Jejudo, South Korea
They'd finally let me move to the top,
To that high rise apartment building,
The one where pigeons grow families,
Where that afternoon, I sat on my veranda,
Enjoying my comfortable lounge chair,
Indulged myself in a glass of cognac,
And breezed a book of complex poetry:
"Go, said the bird, for the leaves were full of children,
Hidden excitedly, containing laughter.
Go, go, go, said the bird: human kind
Cannot bear very much reality."
But a vibration centered up the street
Interrupted my incomprehension,
And my table, consummated cigar,
And snifter -- they began to attack me
In swells of gray ash and alcohol.
Humiliated, I gripped the safety rail and saw
The nose that thrust in front of two dark eyes,
The tail that raised itself from behind,
A body that was turquoise on top and gray below.

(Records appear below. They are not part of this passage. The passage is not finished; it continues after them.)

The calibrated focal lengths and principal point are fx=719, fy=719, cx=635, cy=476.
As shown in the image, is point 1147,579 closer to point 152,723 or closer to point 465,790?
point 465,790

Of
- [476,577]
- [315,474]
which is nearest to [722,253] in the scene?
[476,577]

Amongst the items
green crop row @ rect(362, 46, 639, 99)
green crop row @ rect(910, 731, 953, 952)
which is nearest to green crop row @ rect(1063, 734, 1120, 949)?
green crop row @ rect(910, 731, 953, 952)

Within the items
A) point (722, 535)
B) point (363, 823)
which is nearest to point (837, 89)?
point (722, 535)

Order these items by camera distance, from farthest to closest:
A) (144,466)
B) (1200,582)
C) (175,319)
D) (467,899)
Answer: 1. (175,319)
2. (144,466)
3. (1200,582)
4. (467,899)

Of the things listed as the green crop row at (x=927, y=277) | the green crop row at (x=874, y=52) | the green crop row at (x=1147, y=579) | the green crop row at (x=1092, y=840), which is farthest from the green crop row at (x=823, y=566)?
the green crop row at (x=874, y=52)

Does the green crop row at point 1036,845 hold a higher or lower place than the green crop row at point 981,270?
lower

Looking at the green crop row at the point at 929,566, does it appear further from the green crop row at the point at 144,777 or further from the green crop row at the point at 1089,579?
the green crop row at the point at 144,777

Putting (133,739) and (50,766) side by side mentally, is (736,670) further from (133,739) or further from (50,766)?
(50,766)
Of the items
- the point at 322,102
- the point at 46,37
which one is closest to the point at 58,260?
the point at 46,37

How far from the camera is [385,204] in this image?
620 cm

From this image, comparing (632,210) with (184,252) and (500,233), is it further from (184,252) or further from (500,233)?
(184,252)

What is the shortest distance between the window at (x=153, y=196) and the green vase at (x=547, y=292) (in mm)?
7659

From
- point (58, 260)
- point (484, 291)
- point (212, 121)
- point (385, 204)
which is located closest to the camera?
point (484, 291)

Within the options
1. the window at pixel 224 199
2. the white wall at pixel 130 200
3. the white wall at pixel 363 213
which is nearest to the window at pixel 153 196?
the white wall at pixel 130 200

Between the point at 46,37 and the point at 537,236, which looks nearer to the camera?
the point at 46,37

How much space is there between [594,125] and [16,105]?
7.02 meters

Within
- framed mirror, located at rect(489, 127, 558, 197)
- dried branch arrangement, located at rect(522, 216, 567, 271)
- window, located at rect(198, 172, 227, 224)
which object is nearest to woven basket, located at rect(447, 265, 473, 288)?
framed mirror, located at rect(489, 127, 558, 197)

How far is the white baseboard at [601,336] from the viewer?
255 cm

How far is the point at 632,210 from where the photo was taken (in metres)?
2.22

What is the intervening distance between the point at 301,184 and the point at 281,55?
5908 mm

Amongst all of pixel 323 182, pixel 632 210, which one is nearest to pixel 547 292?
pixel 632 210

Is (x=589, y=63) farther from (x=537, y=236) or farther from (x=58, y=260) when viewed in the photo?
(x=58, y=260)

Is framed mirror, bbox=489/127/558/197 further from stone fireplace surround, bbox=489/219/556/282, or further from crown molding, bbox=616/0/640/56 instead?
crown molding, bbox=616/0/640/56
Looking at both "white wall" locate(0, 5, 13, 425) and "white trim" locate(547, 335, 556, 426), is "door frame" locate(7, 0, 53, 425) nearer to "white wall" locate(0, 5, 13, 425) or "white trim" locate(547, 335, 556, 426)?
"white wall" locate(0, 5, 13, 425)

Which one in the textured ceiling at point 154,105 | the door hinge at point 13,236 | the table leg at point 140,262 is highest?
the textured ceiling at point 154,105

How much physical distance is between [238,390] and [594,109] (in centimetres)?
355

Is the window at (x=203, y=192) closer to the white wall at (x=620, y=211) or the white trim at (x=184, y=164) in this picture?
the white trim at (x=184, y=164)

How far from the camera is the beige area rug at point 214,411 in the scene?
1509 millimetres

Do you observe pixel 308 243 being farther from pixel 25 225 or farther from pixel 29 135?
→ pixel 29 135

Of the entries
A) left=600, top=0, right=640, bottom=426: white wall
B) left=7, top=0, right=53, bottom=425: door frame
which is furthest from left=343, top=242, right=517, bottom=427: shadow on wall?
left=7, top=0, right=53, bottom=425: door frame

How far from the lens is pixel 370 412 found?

I ducked to avoid my head being taken off
By the wing that flew across my balcony:
A seven-forty-seven jumbo jet
Cruised slowly down the corridor,
that space between the skyscrapers,
But just as I saw it fly away
Another came from behind.
I saw fourteen hundred biding their time,
In line to ruin what was left of mine.
Then I saw my father, further down the hill.
He was on a roof of a Burger King
Smiling at me, a knowing smile, he returned
To reading his Popular Science magazine.